Why and When to Walk Away

It’s easy to make jokes about the Kansas City Royals (TCM has made more than a few in the last 24 hours), and how they’ve lost one of their better pitching prospects, Danny Duffy, who yesterday left the team to “reassess his life priorities.” It’s sad for the Royals and their fans, not only to lose a talented pitcher (Doyle has been called the most advanced of KC’s pitching prospects, and is #8 on Baseball America’s list of its Top Prospects), but it’s especially hard to again feel like the laughing stock of the American League. Especially when that status is so well deserved.

Most of us will look at Danny Duffy’s decision and wonder why in the hell a player with his kind of talent would walk away from baseball. After all, The Common Man would give up his left arm (he’s right handed) to pitch in the big leagues. It is the dream of hundreds of thousands of little boys in the United States right now. To be so relatively close to this magical goal, and potential winning lottery ticket, would be unfathomable to so many Americans.

But while the major leagues are a golden land of milk and honey, it’s easy for us to forget that, frankly, the minor leagues (particularly the low minors) kind of suck for the players. Many are away from their homes, families, and friends for six months at a time (Duffy, for instance, is from California, but played the last two years in Burlington, Iowa ("the backhoe capital of the world!"); and Wilmington, Delaware (where violence was so prevalent in the '90s that the entire downtown is now under camera surveillance). Despite the noise and cramped-ness of a clubhouse, it’s easy to feel isolated if you don’t somehow connect to your teammates. The atmosphere is very insular.

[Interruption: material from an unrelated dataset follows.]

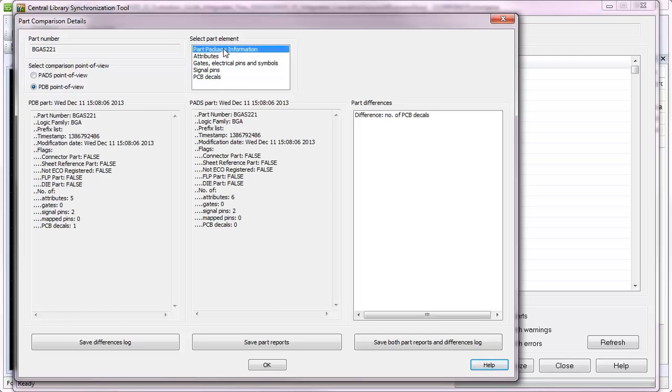Here, for example, you will see in the part difference display that there is a difference in the number of decals.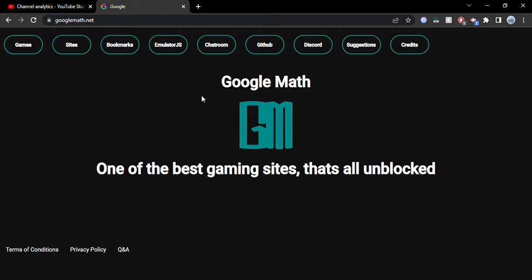Once you're on the site, it's going to say GoogleMath along with some different options. What you're going to need to do is look at the top left. You'll see a button that says 'Games' — click on that.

You get paid next to nothing as a salary, and you get $20 (now finally bumped up to$25) per day to eat on the road. You stay in crappy motels, and your living conditions can vary wildly depending on where you’re playing and who you’re staying with. Entertainment is tough to come by (particularly in Burlington, Iowa, or Wilmington, Delaware). For some players, particularly those with young families, it is impossible to make ends meet and continue to play ball. Road trips last 7-10 days, and you spend a dozen hours or more at a time on a cramped bus with 35-40 other people that you may or may not be able to stand.

For as much fun as it can be to play the game, the rest of the grind can really suck. And if, for some reason, your lottery numbers don’t end up a winner, you’re often stuck going back to school at 24, 25, or 26, or starting a career with almost no job history, no practical experience. For some, that risk is not worth taking.

Danny Duffy is still a very young man. At 21, he’s got a lifetime ahead of him. This was undoubtedly not an easy decision for him, to give up the thing he has been working toward for much of his life. Whether injury, loneliness, falling out of love with the game, or never loving it in the first place was the primary motivator, it’s important to note that there are a number of contributing stressors that are pressing on minor leaguers today. If there is anything for the Royals to take away from Duffy’s decision, it’s that they need to examine the support networks they have in place throughout their minor league system to make sure they don’t lose any more players. Duffy may be an isolated case, and may have chosen to walk away regardless, but periodic introspection and analysis is a good thing, particularly for a moribund franchise like Kansas City. Playing for the big league Royals is depressing enough; they should make the minors as welcoming and fun as possible.